Per Clause (Beta)
Introduction
Pattern matching produces a virtual match table, and the ACCUM clause acts like a FOREACH loop, executing the clause’s statement once for each row of the match table.
Patterns are paths in the graphs, and each row in the match table is a distinct path. However, paths may share some vertices or edges. Some applications do not want to do aggregations per path. Instead, they want to execute the ACCUM clause per distinct group of vertex aliases.
For example, consider the following query which counts the number of paths in a simple 2-hop pattern:
SumAccum<int> @@cnt;
S = SELECT t
FROM S:s - (E1:edge1) - M:m -(E2:edge2) - T:t
ACCUM @@cnt += 1;
Suppose the query produces the following match table.
(s, edge1, m , edge2, t)//match table schema
v1, e1, v3, e2, v2 //match 1
v1, e3, v4, e4, v2 //match 2
v5, e5, v6, e6, v7 //match 3
v8, e7, v9, e8, v7 //match 4
By default, the ACCUM clause will execute the @@cnt += 1
statement 4 times, for each row in the match table. The result will be @@cnt = 4
.
For the same query, what if the user wants to
-
count the number of distinct path endings in the match table? For this case, we would want to iterate on the alias
t
. -
count the number of distinct (start, end) pairs in the match table? For that case, we would want to iterate on distinct pairs of the aliases
(s, t)
.
To provide users with this added flexibility and finer control over ACCUM iteration, TigerGraph 3.0 adds the PER clause to pattern matching (V2) syntax.
Syntax
The PER Clause is an optional clause that comes at the start of the ACCUM clause in a SELECT statement. As illustrated below, it starts with the keyword PER, and followed by a pair of parenthesis, in which user can put one or more distinct vertex aliases found in the FROM pattern.

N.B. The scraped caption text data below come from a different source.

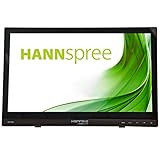 HANNspree HT161HNB 39,6cm (15,6') Multitouch-Monitor WXGA 220cd VGA HDMI...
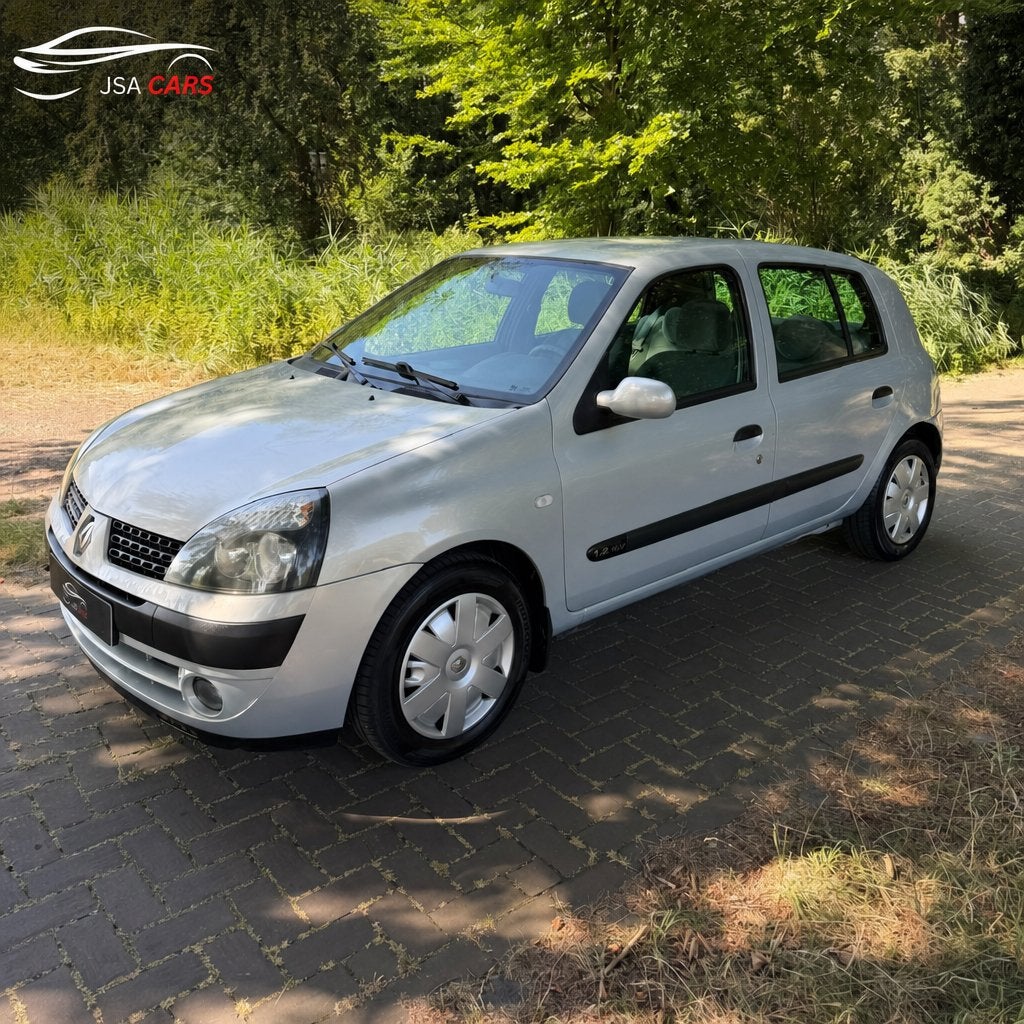 Renault Clio 1.4-16V |Cruise Control|Airco|Elec Ramen, Auto's, Cruise Control, Stof, Bedrijf, Handgeschakeld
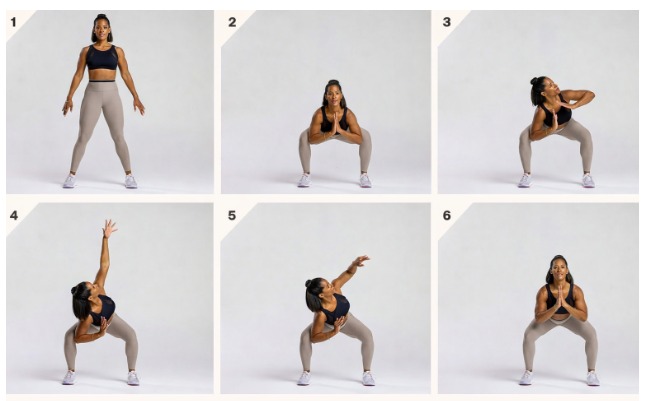 Trening typu Hyrox DBX Bushido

selectBlock := SELECT alias
FROM pattern
[sampleClause]
[whereClause]
[[perClause] accumClause]
[postAccumClause]*
[havingClause]
[orderClause]
[limitClause]
perClause := PER (vertex_alias_1, vertex_alias_2, ...)
Examples. Below are multiple examples of the PER Clause using the same FROM clause.
S1 = SELECT s
FROM S:s - (E1:edge1) - M:m - (E2:edge2) - T:t
PER (s)
ACCUM @@cnt += 1;
S2 = SELECT t
FROM S:s - (E1:edge1) - M:m - (E2:edge2) - T:t
PER (t)
ACCUM @@cnt += 1;
S3 = SELECT m
FROM S:s - (E1:edge1) - M:m - (E2:edge2) - T:t
PER (m)
ACCUM @@cnt += 1;
S4 = SELECT t
FROM S:s - (E1:edge1) - M:m - (E2:edge2) - T:t
PER (s, t)
ACCUM @@cnt += 1;
S5 = SELECT t
FROM S:s - (E1:edge1) - M:m - (E2:edge2) - T:t
PER (s, m, t)
ACCUM @@cnt += 1;
Semantics
The PER Clause specifies a list of vertex aliases, which are used to group the rows in the match table, one group per distinct value of the alias or of the alias list. If there are N distinct groups, we will execute the ACCUM clause N times, once per distinct vertex aliases' binding. Note that the PER clause has no effect on POST-ACCUM clauses semantic, except confining the POST-ACCUM vertex alias.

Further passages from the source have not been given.